'''

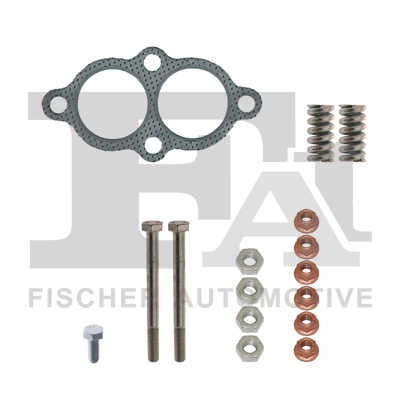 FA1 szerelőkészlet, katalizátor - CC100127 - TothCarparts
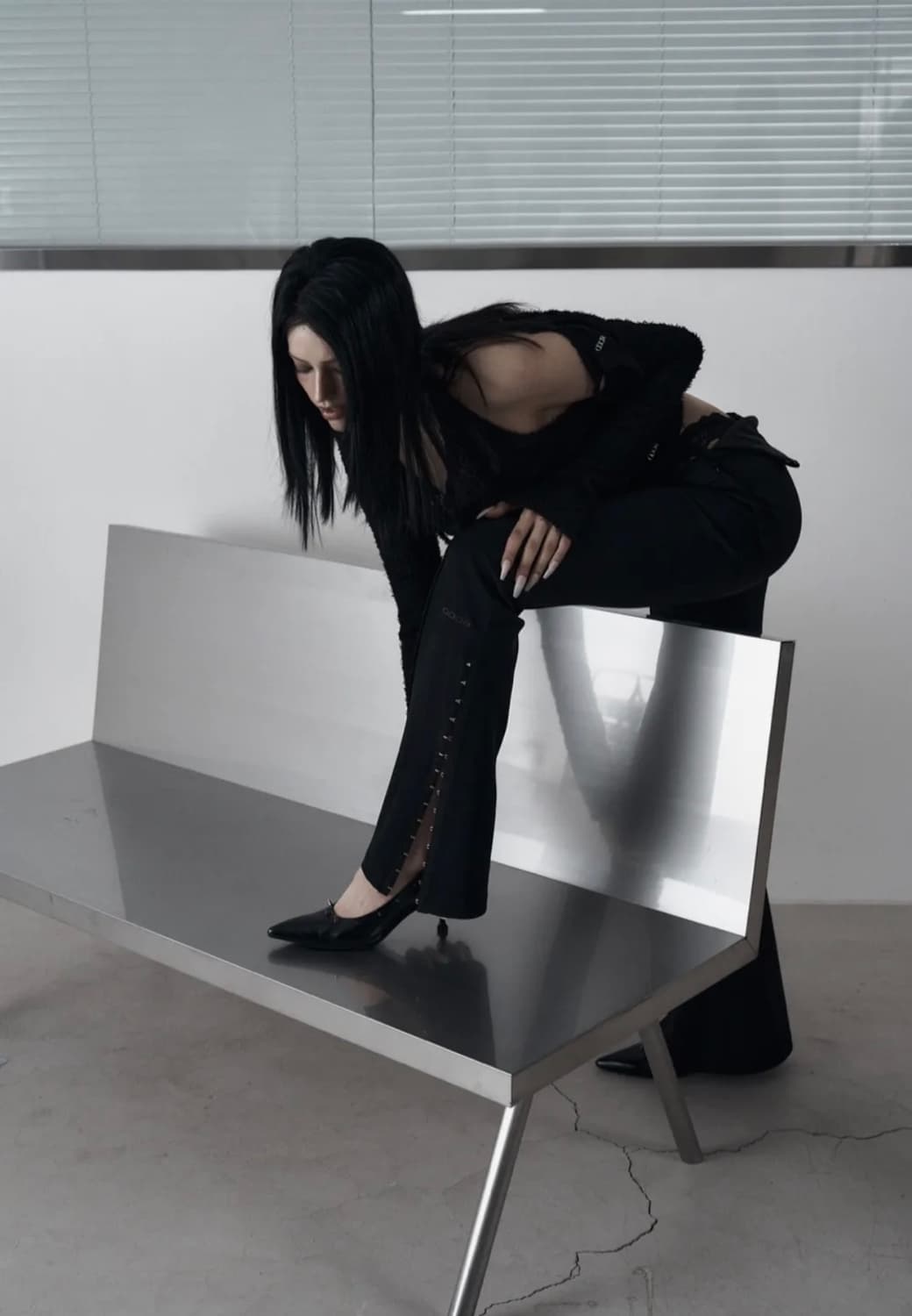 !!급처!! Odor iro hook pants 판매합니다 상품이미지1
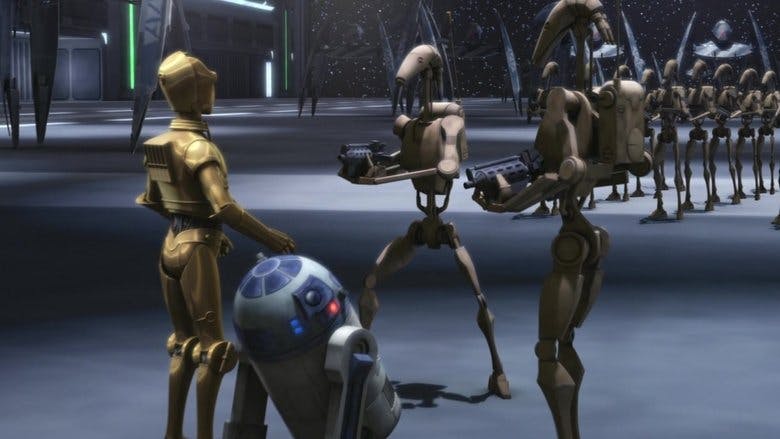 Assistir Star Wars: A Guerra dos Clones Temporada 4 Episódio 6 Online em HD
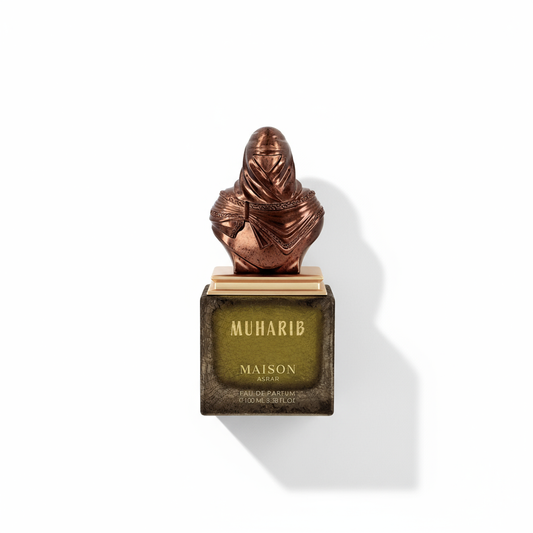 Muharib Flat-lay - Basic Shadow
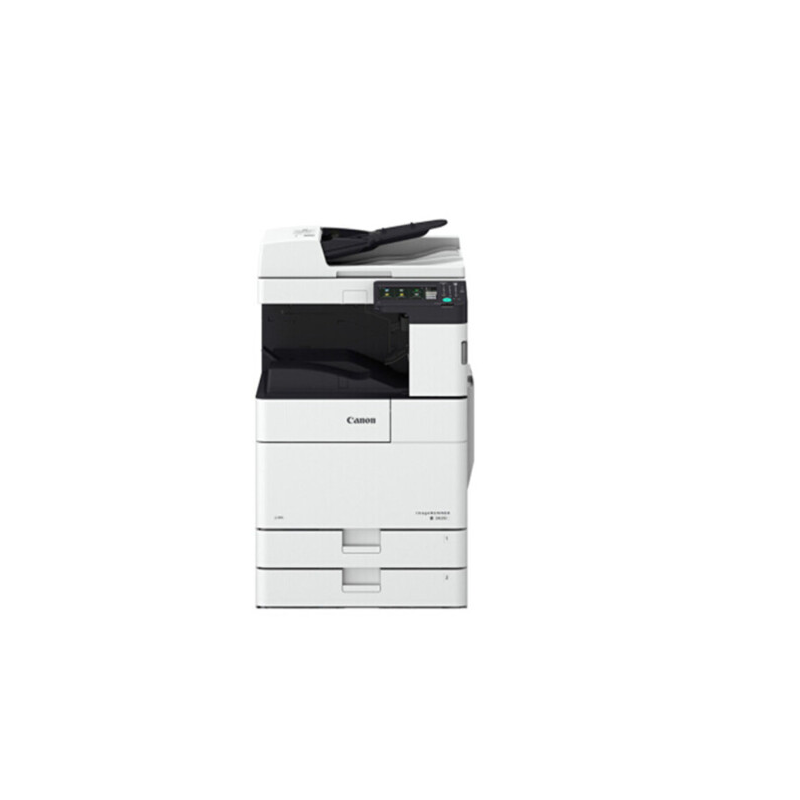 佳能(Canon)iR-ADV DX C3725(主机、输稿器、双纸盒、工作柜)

'''
'''

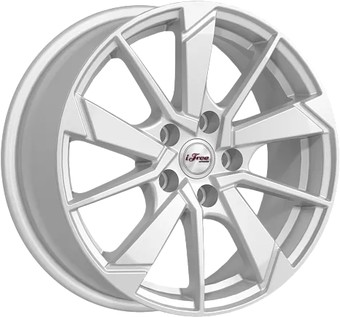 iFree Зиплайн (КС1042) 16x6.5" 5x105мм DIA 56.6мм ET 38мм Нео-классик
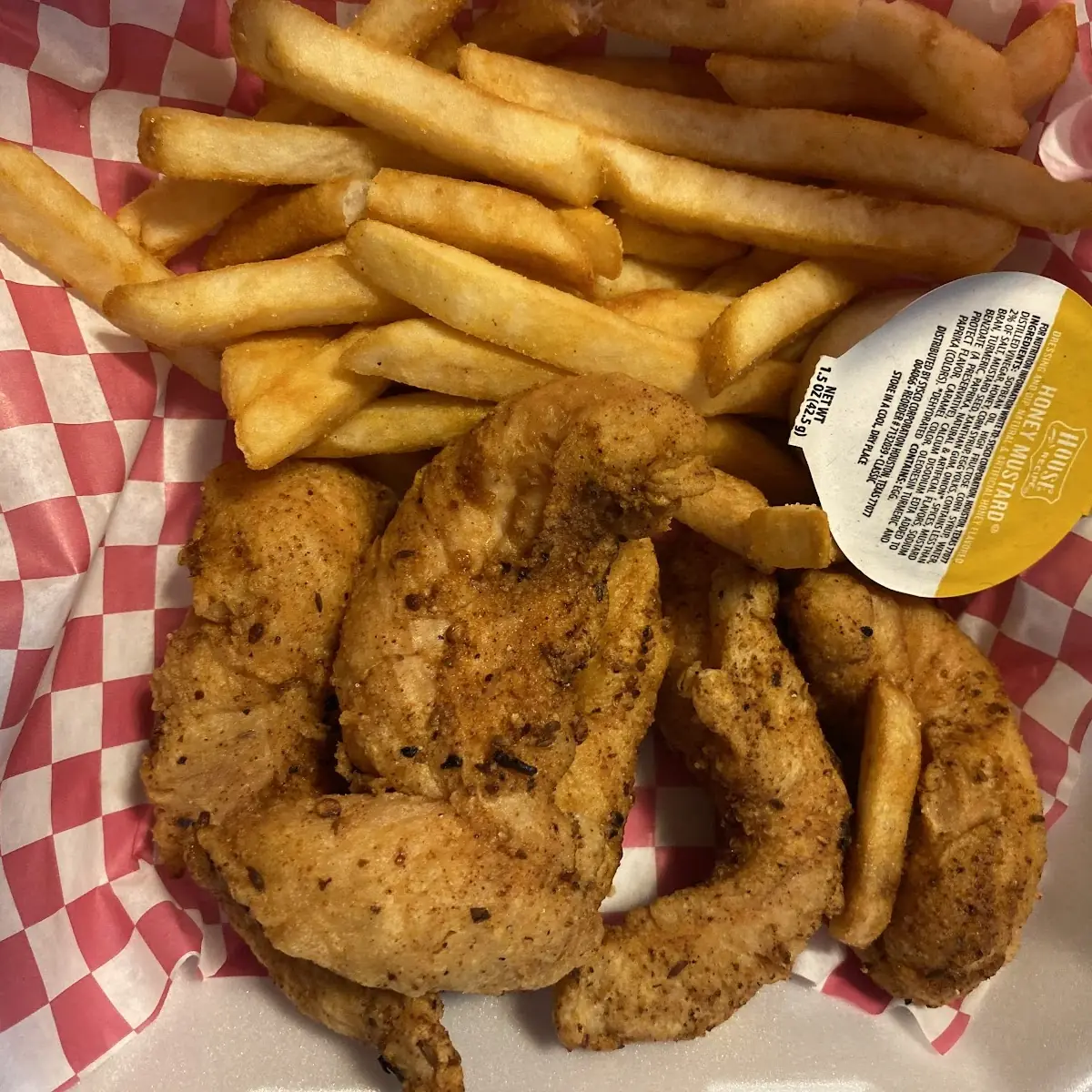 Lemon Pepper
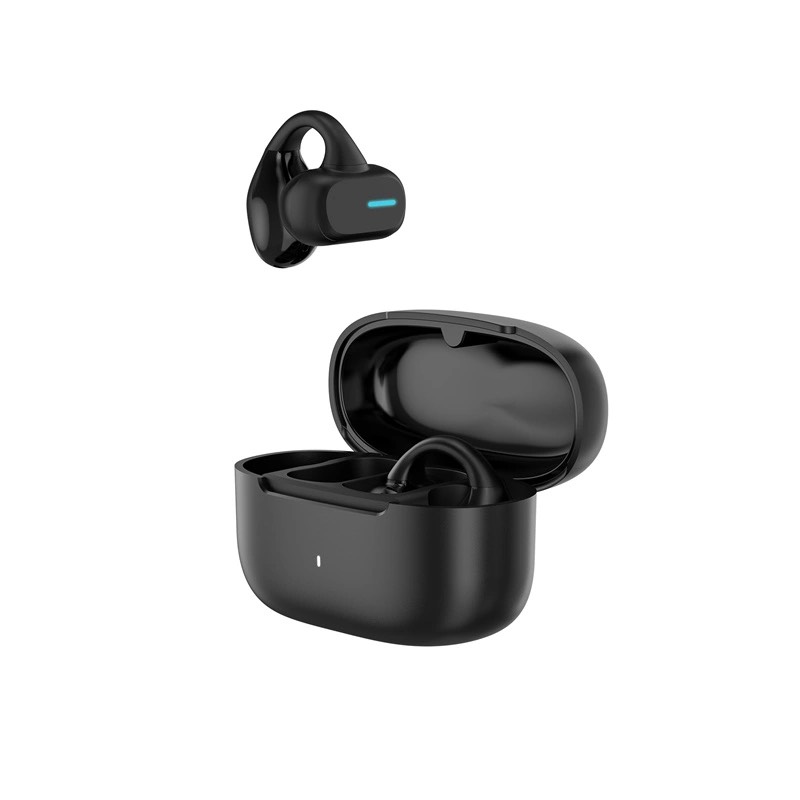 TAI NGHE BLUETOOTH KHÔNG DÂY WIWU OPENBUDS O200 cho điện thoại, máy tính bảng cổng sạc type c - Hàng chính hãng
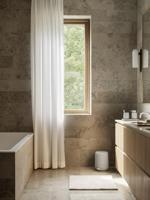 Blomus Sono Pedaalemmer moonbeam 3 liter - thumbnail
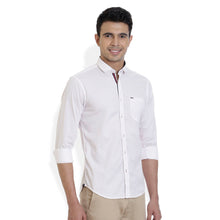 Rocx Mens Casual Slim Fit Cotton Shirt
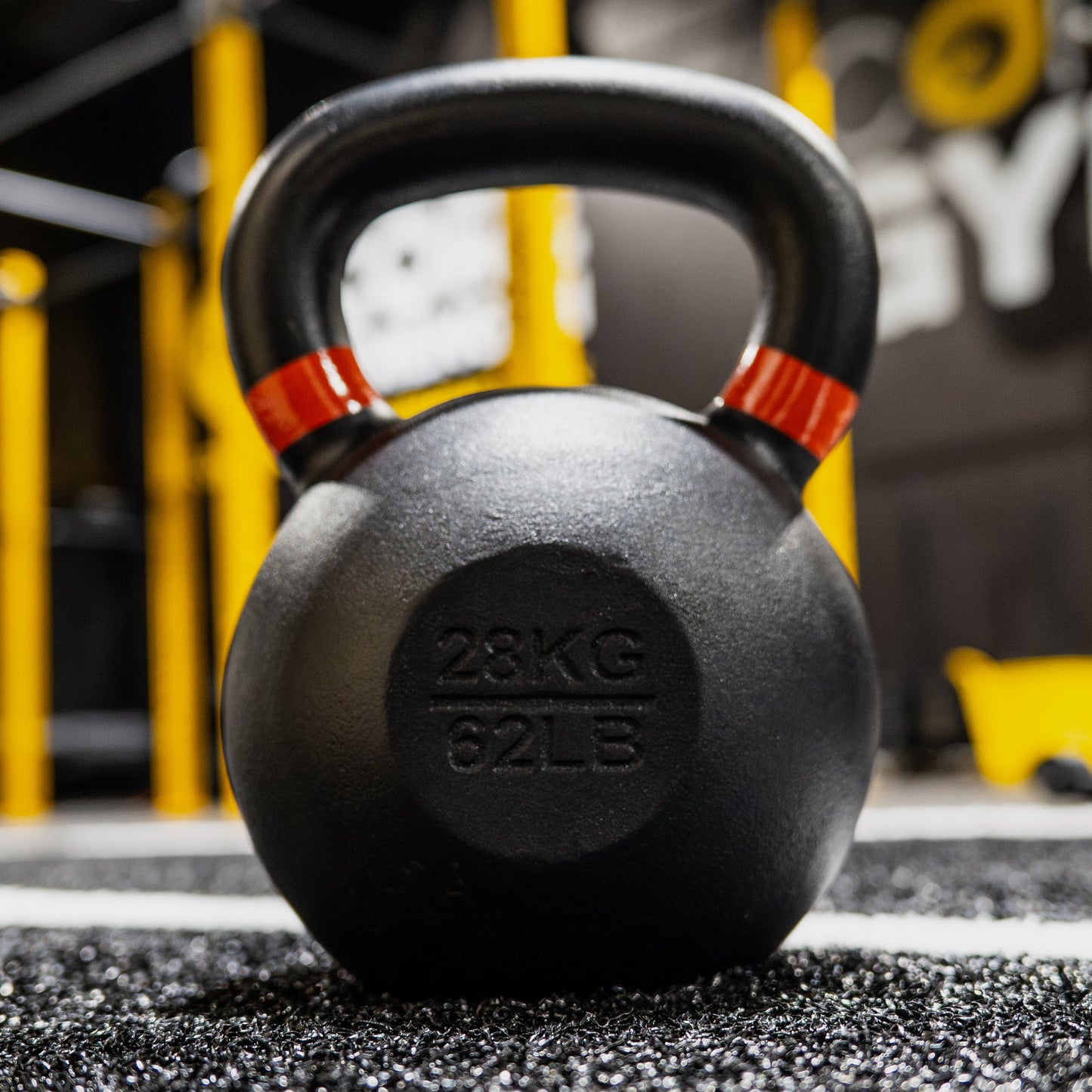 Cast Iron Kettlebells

'''
'''

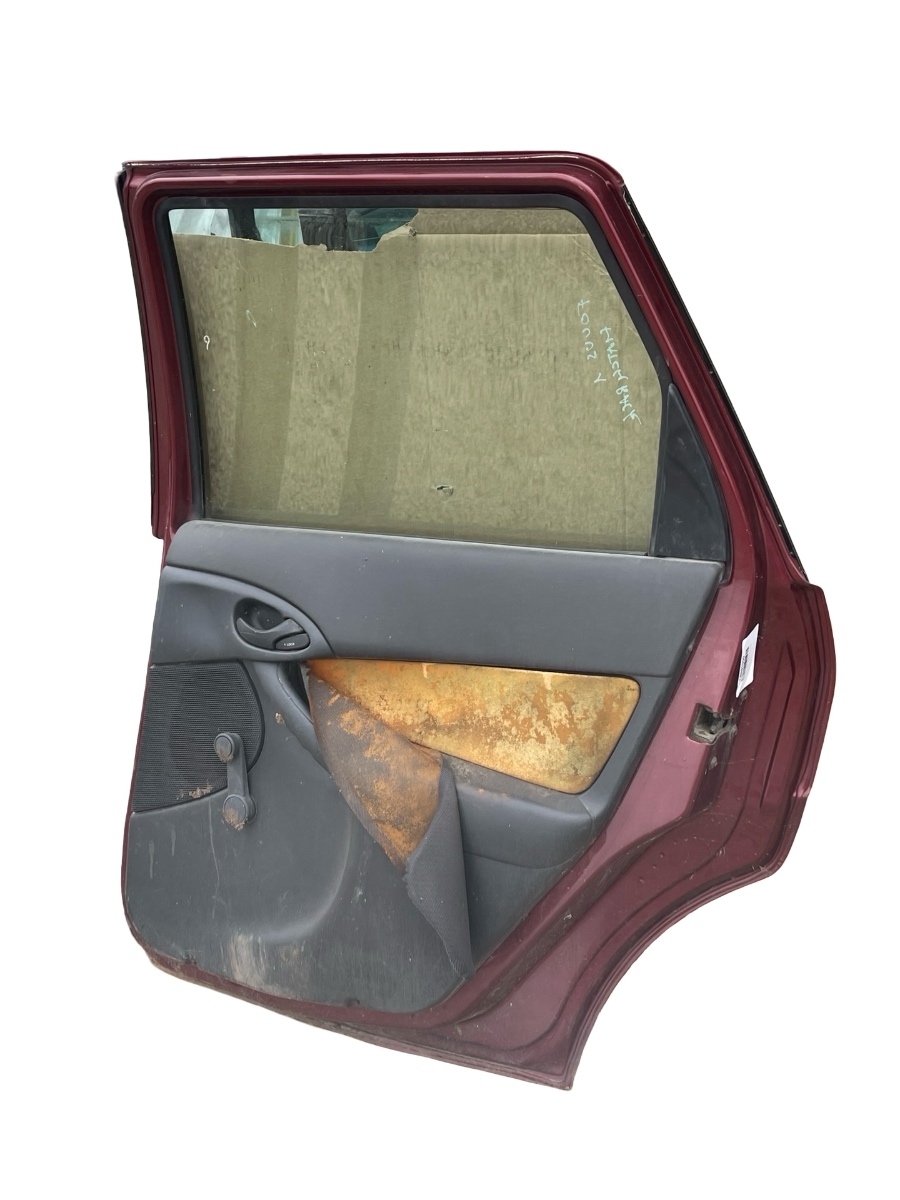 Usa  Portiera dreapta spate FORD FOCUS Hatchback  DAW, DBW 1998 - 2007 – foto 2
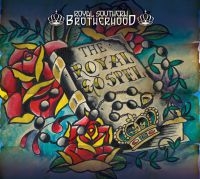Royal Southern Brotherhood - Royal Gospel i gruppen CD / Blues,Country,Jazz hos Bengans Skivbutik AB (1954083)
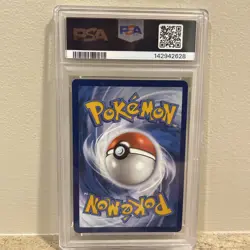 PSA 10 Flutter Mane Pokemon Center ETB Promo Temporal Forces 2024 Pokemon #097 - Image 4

'''

* _REQUIRED WORK_:
Nothing except the lines from the one containing "Blomus Sono Pedaalemmer" through the one containing "Cast Iron Kettlebells" should appear in the answer, exactly as above and without pictures.

* _TASK SOLUTION_:
 Blomus Sono Pedaalemmer moonbeam 3 liter - thumbnail
 Rocx Mens Casual Slim Fit Cotton Shirt
 Cast Iron Kettlebells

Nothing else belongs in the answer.